Material provided =>
------------
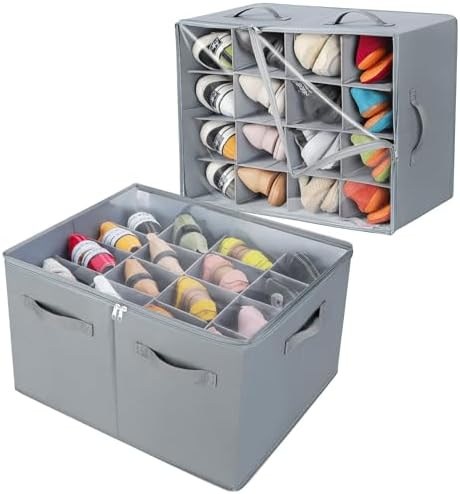 TOPIA HOME Shoe Organizer for Closet 2 Pack, Foldable Shoe Box with Adjustable Dividers and Clear Cover, Space Saving Shoe Storage Organizer Cabinet with Reinforced Handles, Fits 32 Pairs, Gray, TP12G by TOPIAHOME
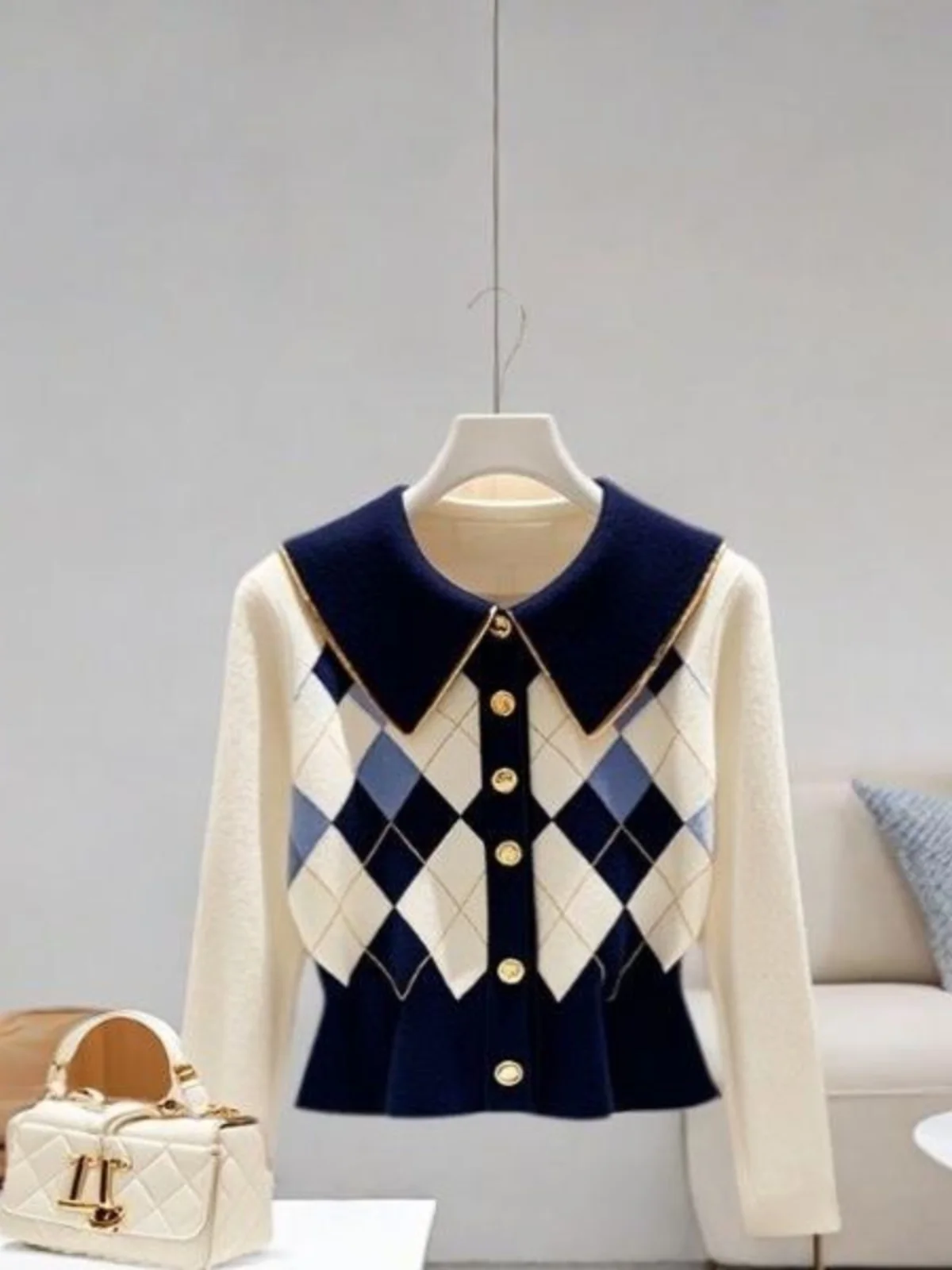 

Faionable Knitted Sweater Coat Women's Waist-Cinching Open Cardigan Autumn Season New Sle Exquisite Blue-White Color Bloc...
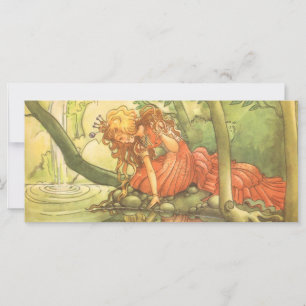 Vintage Märchen, Froschprinzessin am Teich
------------
What you are asked to do =>
Every word of the data should be reproduced exactly; please omit any pictures.

Worked solution =>
 TOPIA HOME Shoe Organizer for Closet 2 Pack, Foldable Shoe Box with Adjustable Dividers and Clear Cover, Space Saving Shoe Storage Organizer Cabinet with Reinforced Handles, Fits 32 Pairs, Gray, TP12G by TOPIAHOME

Faionable Knitted Sweater Coat Women's Waist-Cinching Open Cardigan Autumn Season New Sle Exquisite Blue-White Color Bloc...
 Vintage Märchen, Froschprinzessin am Teich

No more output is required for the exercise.